Currently Supported Sites:
Asiachan - Checks all previous and next pages from it's current location.
Google Drive - Checks all folders and grabs the first 1000 images in each folder.
Imgur - Grabs all images in a gallery.

Installation

In a terminal, type pip install imageurlscraper.

In order to get images from Google Drive, the credentials are needed (the scraping process I had in place was too inefficient).
Steps to add Google Drive credentials:

Go to https://console.developers.google.com/apis/dashboard and at the top click + ENABLE APIS AND SERVICES.
Next, search for Google Drive API, click it, and then click Enable.
Select a project and then you'll be on a page with your project.
You will see a notice: "To use this API, you may need credentials.

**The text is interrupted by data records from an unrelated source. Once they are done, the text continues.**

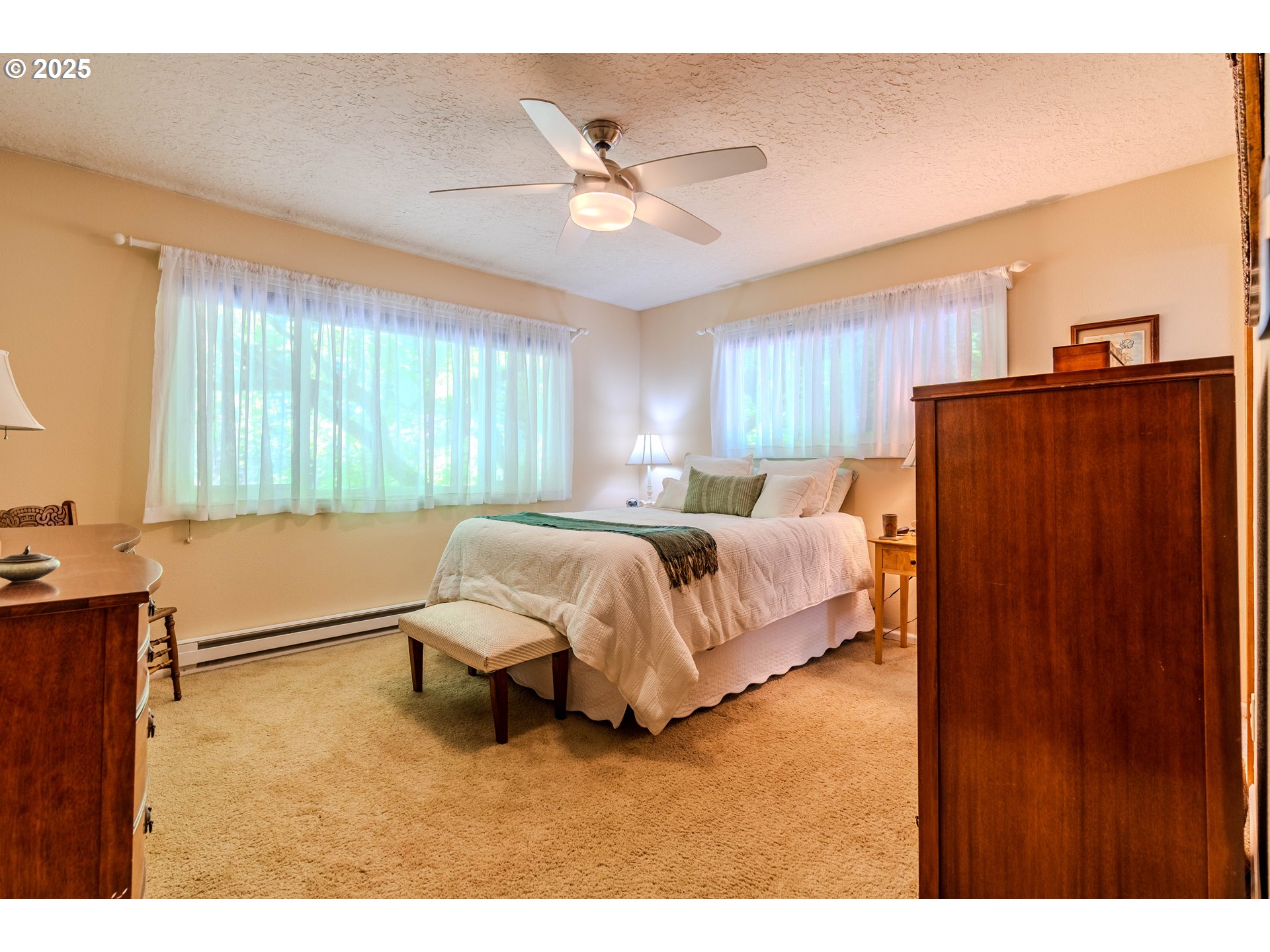 41920 Southeast Gordon Creek Road Corbett, OR 97019 - Photo 13 of 48 a bed room with a bed and a window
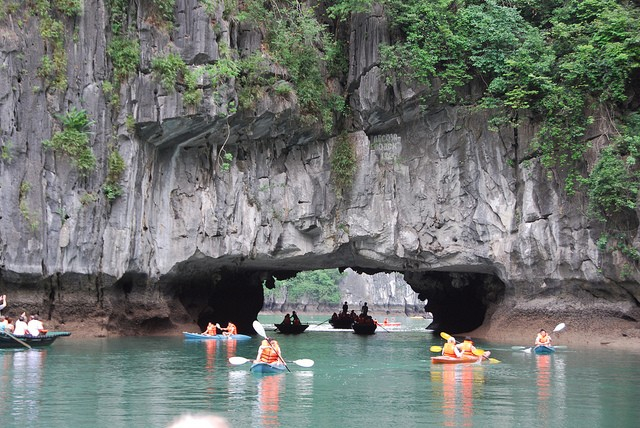 Tourists visit the world heritage site Ha Long Bay.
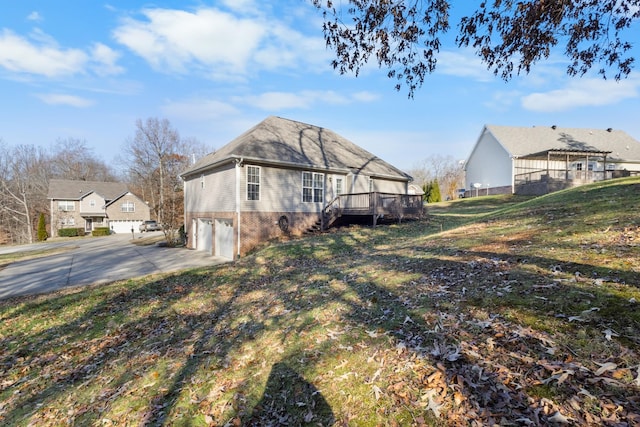 view of property exterior featuring an attached garage, a deck, concrete driveway, and brick siding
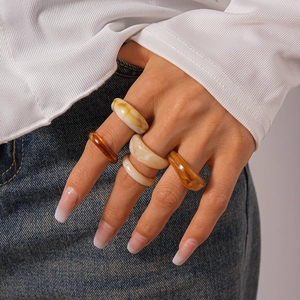 Close-up of colorful resin acrylic rings in amber and marble white on a model's hand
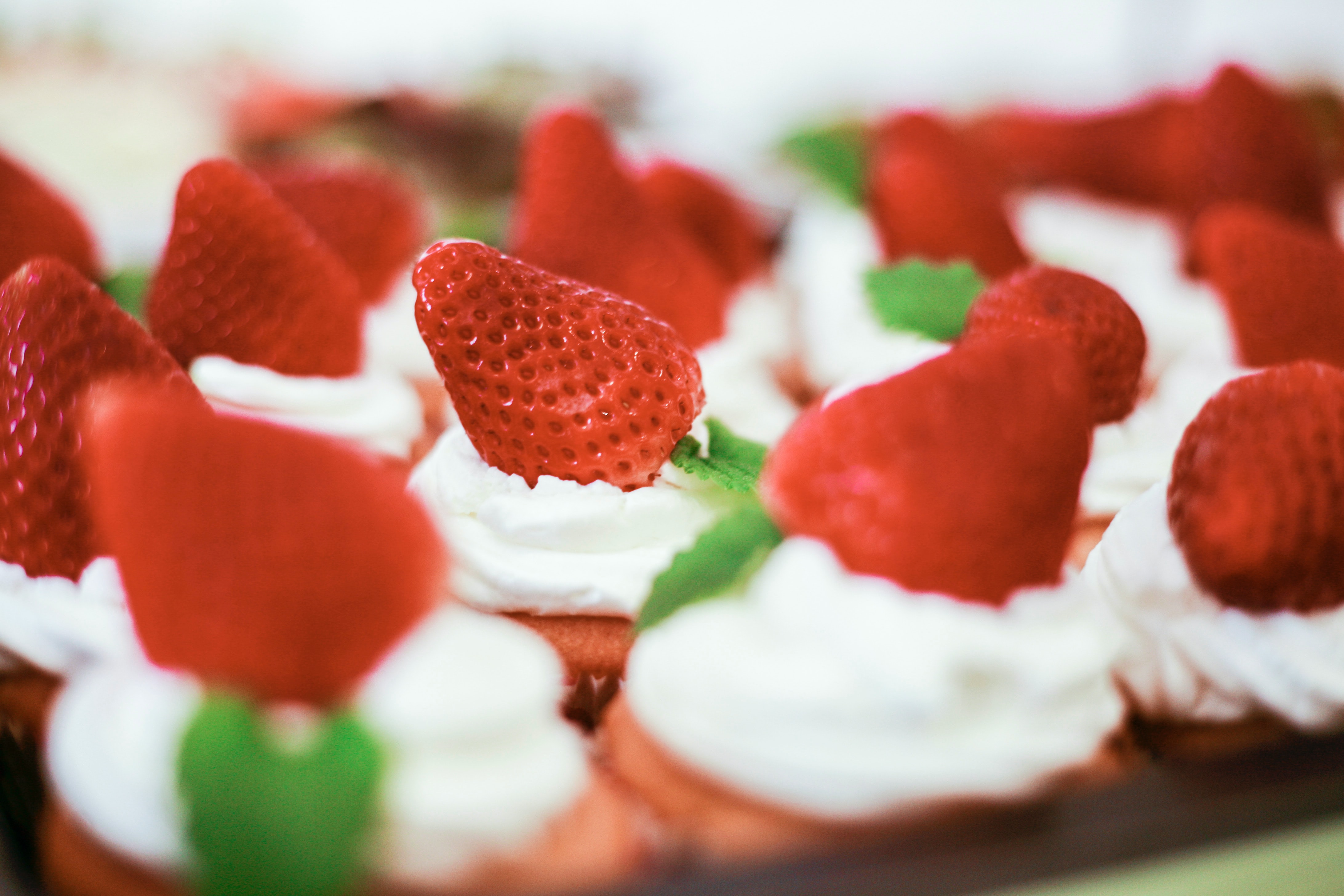 Res strawberries sit on rows of white cream and scones.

Click 'Create credentials' to get started.".
Go ahead and click Create Credentials.
Once you finish the process, you should be able to download a JSON file.
Get your credentials and rename the JSON file to credentials.JSON
Go to YOUR project source and put the credentials.json in the same folder as the file you are running.

Sample Code

"""
This sample code links directly to the main function that automatically processes the links 
and returns back a dict with IDs and their image links. The original link will not be shown,
which is why IDs are useful.
IDs are REQUIRED input alongside their links, although they are only for classifying links.
Links can have several IDs if necessary to group them together.
"""
import imageurlscraper
import pprint
pp = pprint.PrettyPrinter(indent=4)

list_of_links = [
    # the list must contain an ID along with a link
    # This ID is helpful for distinguishing certain objects or people.
    # When the dict is returned.
    [0, "https://kpop.asiachan.com/222040"],
    [1, 'https://imgur.com/a/mEUURoG'],
    [2, 'https://bit.ly/xxxxxxx'],
    [3, 'http://imgur.com/a/jRcrF'],
    # [999, 'https://drive.google.com/drive/folders/1uWIObdgq65-TmBcA8oJIWOnbuuR_H5PB']
    # This google drive folder has a lot of media and will be skipped for testing purposes. but it can support
    # google drive links like these and will go through every folder in that folder.
]

scraper = imageurlscraper.main.Scraper()
all_images = scraper.run(list_of_links)  # a dict with all the links of the images.
pp.pprint(all_images)  

# Want to send in a dict instead of a list?
# Dict Format is expected to be:
dict_links = {
    0: ["link1.com",
        "link2.com",
        "link3.com"
        ],
    1: [
       "link1.com",
       "link2.com",
       "link3.com"
    ],
    2: [
       "link1.com",
       "link2.com",
       "link3.com"
    ]
}
all_images = scraper.run(dict_links)

print(5)

Sample Output (dict)

{   1: [   'https://i.imgur.com/RUb6Xwl.jpg',
           ...],
    3: [   'https://i.imgur.com/ILixI73.jpg',
           ...],
    4: [   'https://i.imgur.com/X8jZOc7.jpg',
           ...],
    5: [   'https://i.imgur.com/L4SFme0.jpg',
           ...],
    6: [   'https://i.imgur.com/G2ltCDf.jpg',
           ...],
    204: [   'https://static.asiachan.com/Lee.Jueun.full.222040.jpg',
             ...]
}

More Samples

import imageurlscraper
scraper = imageurlscraper.main.Scraper()

shortened_link = "https://bit.ly/311n6vP"
unshortened_link = scraper.get_main_link(shortened_link)  # Expected Output -> http://google.com/


# Want to process links one by one or do not want to use IDs?
link = "https://imgur.com/a/mEUURoG"
image_links = scraper.process_source(link)  # Expected Output -> A LIST of image links.


# Want to run from the sources directly?
images = imageurlscraper.asiachan.AsiaChan().get_all_image_links(link)  # Asiachan, expected output -> A LIST of image links.
images = imageurlscraper.googledrive.DriveScraper().get_links(link)  # Google Drive, expected output -> A LIST of image links.
images = imageurlscraper.imgur.MediaScraper().start(link)  # Imgur, expected output -> A LIST of image links.